Different tobacco cuts require different packing methods. I'm an ace with SG flakes. I just had a bowl wet from the tin and firmly packed with only two relights in 45 minutes. Course cut ribbon, especially latakia blends are also easy for me. Fine cut ribbon is a bitch and I hate it, but I will figure it out eventually.

Concentrate on the flavor and if its impossible to keep the flavor but you keep needing to relight over and over, just dump the bowl and start again 'cause you're gonna fight it all the way to the bottom and won't be able to enjoy it anyway.

*Generally if I have to relight more than three or four times in the top half of the bowl, I dump it and start over.*


----------



## Joan (Dec 1, 2007)

Mad Hatter said:


> Concentrate on the flavor and if its impossible to keep the flavor but you keep needing to relight over and over, just dump the bowl and start again 'cause you're gonna fight it all the way to the bottom and won't be able to enjoy it anyway.
> 
> *Generally if I have to relight more than three or four times in the top half of the bowl, I dump it and start over.*


+1

:tu That there is Brilliant Advice!

Life it too short to waste time on bad cigars.
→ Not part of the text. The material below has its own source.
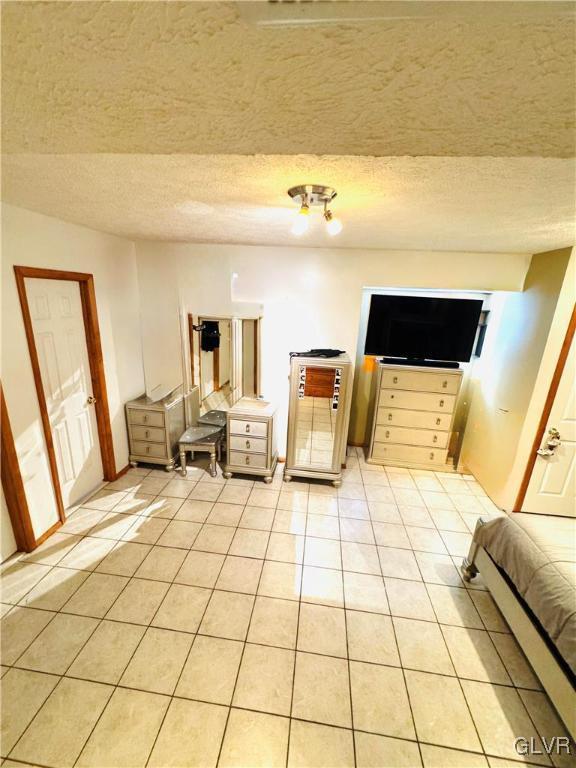 interior space featuring light tile patterned floors and a textured ceiling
Or too many relights.


----------



## jgros001 (Jun 14, 2005)

Usually a few relights per bowl, one of the things I have enjoyed since taking up the pipe is that there is a challenge and patience involved. I don't have it down yet.....but I am working. Something that has helped me is to take a slow puff as I tamp. I also am starting to realize that a relight is not always necessary as the pipe does not produce as much smoke as a cigar (I think).



IHT said:


> i've said it before, any joe blow can smoke a cigar, it takes skill to smoke a pipe. it's an art, it takes practice, it takes repitition....


I hate the 'great post' posts but this is a good one (not great but definitely good).


----------



## IceChant (Dec 7, 2007)

After hard time at the beginning, now I'm able to smoke pipe with only one relight but it took me some time to get used to it.


----------



## Bridges (Jan 6, 2008)

It all depends. I'll set mine down and go off for a while, then come back tamp it down and relight. It just depends on the tobac, situation, puffing, etc... Don't worry about it too much. Just experiment and figure out what works.:2


----------



## Will_S (Jan 2, 2008)

I counted a couple of times. I used wooden kitchen matches to light my pipe and it wasnt unusual to see 10 of them in the ashtray. So 2 to get started - 10 total = as many as 8 or maybe more.
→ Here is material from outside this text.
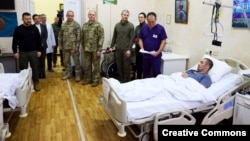 Ukrainian President Volodymyr Zelenskiy (left) visits wounded soldiers at a hospital in Kyiv on December 6.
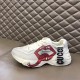 Gucci Rhyton Mouth Graphic Profile in off white Side profile of off white Gucci trainer showing red lips and black lettering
I can recall bowls going by with only a couple of relights. Alot depends on the tobacco. I like to smoke tobacco almost bone dry. I smoke mostly flakes. Rubbed out that is.
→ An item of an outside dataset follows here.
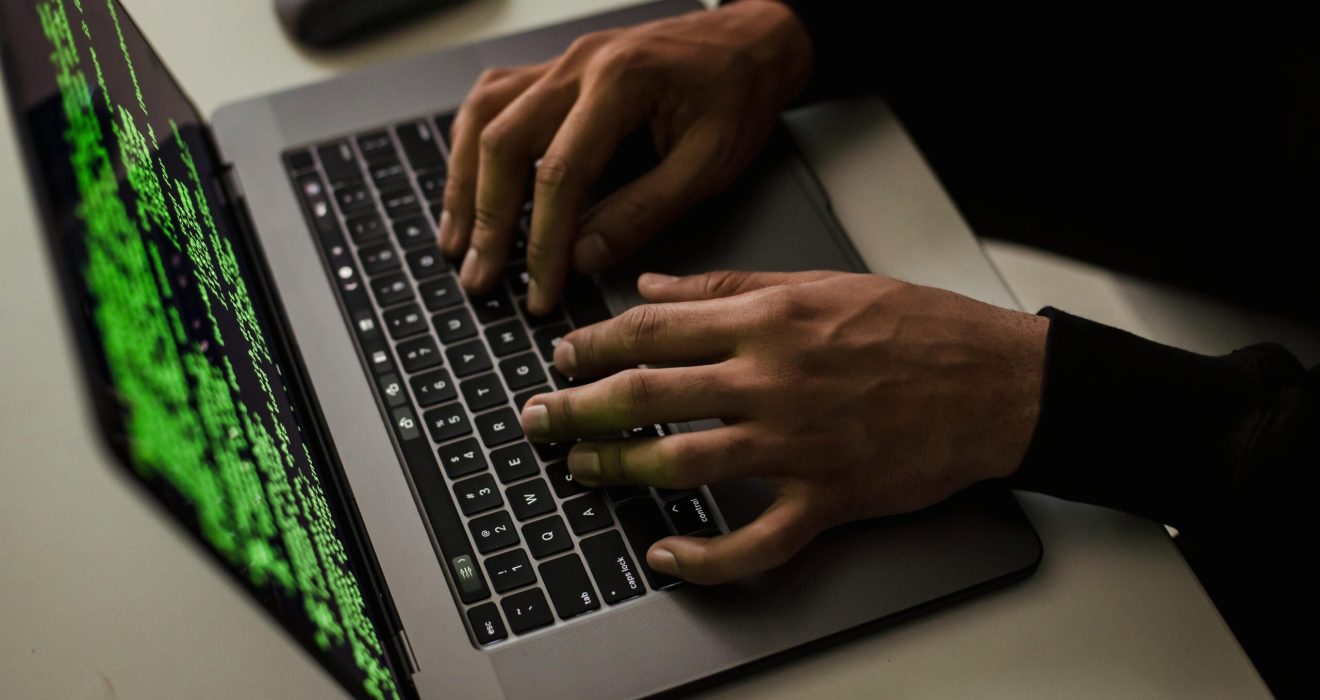 crop-cyber-spy-hacking-system-while-typing-on-laptop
Edit: Depends on the size of the pipe too. Larger diameter bowls and larger bowls in general go out more often imo


----------



## FriendlyFire (Jun 11, 2007)

Wow thank you all for your reply's I finaly am up to two pipes allready
I went too two difrent tabbaco shops in NYc and they showed me how to pack and light, intresting one guy told me to pick the tobbaco after a while tap it and then dump the ash, the other ones claimed that the taping is enofgh because the asshes on top will help it burn longer.
I'm learning,


----------



## Will_S (Jan 2, 2008)

I'm in the occaisional dump camp, some pipes, especially some of the large italian jobs I have, are so deep that you could end up with quite a layer of ashes between the fire and the tobacco on relights.


----------



## dhaus (Jan 16, 2007)

Wow, I thought I was doing something wrong with 4-5 relights! I'm learning too. Most of my tobacco is now dry enough, although St. James Woods can still be bit of a problem - even after 8 months in the open tin. I think I may have been puffing too slow - but it is a fine line between puffing too slow and puffing too fast. I'm also discovering the method of packing that is simply dump the stuff in the pipe, fold in from the edges with index finger, tamp a bit, and let her rip. Sort of a quick and dirty Frank method. Sometimes one can think too much about the details and lose sight of enjoying the pipe.


----------



## paperairplane (Nov 8, 2007)

I really find minimal need for a tamper. I use one just to be 'fiddling' around, but for the most part it is unnecessary.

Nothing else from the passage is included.